Figures from 2003 show that ferrous scrap recovered in Havanna comprised to 2,335 tons, aluminum 84 tons, glass 127 tons, plastic 119 tons, lead 100 tons, while paper and cardboard reached 369 tons. The recovered iron and steel was processed and turned to new metal structures, non-ferrous metals were consumed in non-ferrous foundries, paper was used to replace virgin pulp, and glass containers were simply refilled.

A complex scrap problem

On the other hand, “the directives for waste management in Cuba are mostly vaguely defined and integrated into other decrees what makes them confusing. As a consequency of this insufficient implementation of a sustainable ecological dimension into economical development plans there is no integrative management program for municipal waste countrywide“, an expert from the Havanna waste disposal company is cited. The German postgraduate Thomas Ammerl summarized the situation: “The complex scrap problem of Havanna reflects the relationship between Cuba`s economic crisis and its ecological consequences. The storage of waste in the households, its removal and final disposal on landfills is of importance, because processing, recovery and utilization of waste does not exist, with very few exceptions.“ It was estimated that 72 percent of the regional waste derived from households, the remainder from different institutions, trade and industry.

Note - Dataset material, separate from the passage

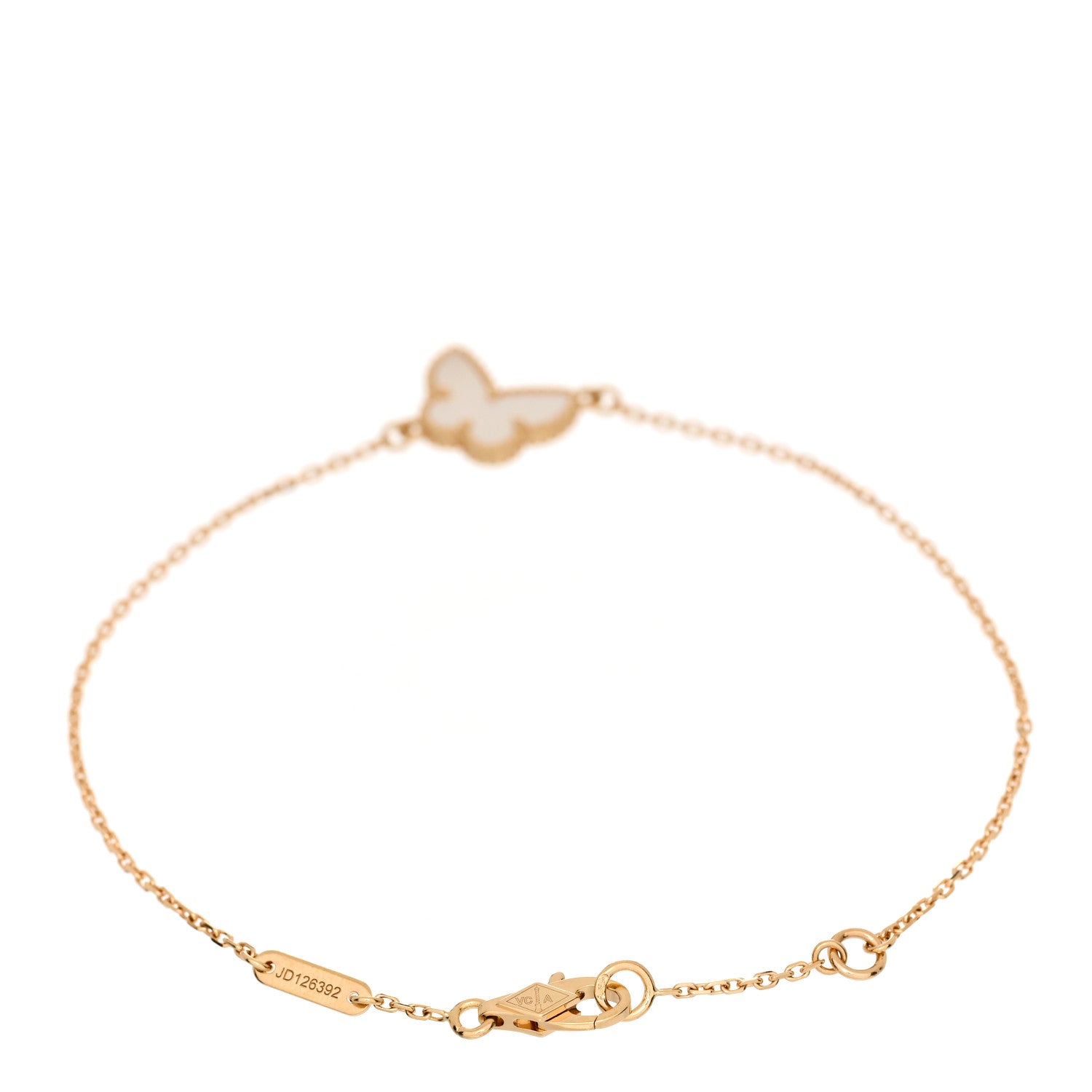 Van Cleef & Arpels 18K Yellow Gold Mother of Pearl Sweet Alhambra Butterfly Bracelet 2 of 6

Encouraging increased recycling

The tide changed in December 2011. The Council of Ministers approved Article 235 of Cuba’s recycling policy – as part of the implementation of guidelines drawn up during the 6th Congress of the Cuban Communist Party – aiming at “encouraging increased recycling and added value of recovered products, prioritizing activities of greater economic impact and fewer resources and their re-capitalization, as permitted by the economy”. According to The Cuban Handshake online-magazine, this started an era of reviewing the performance of the recycling sector, renewing the appropriate law and setting prices.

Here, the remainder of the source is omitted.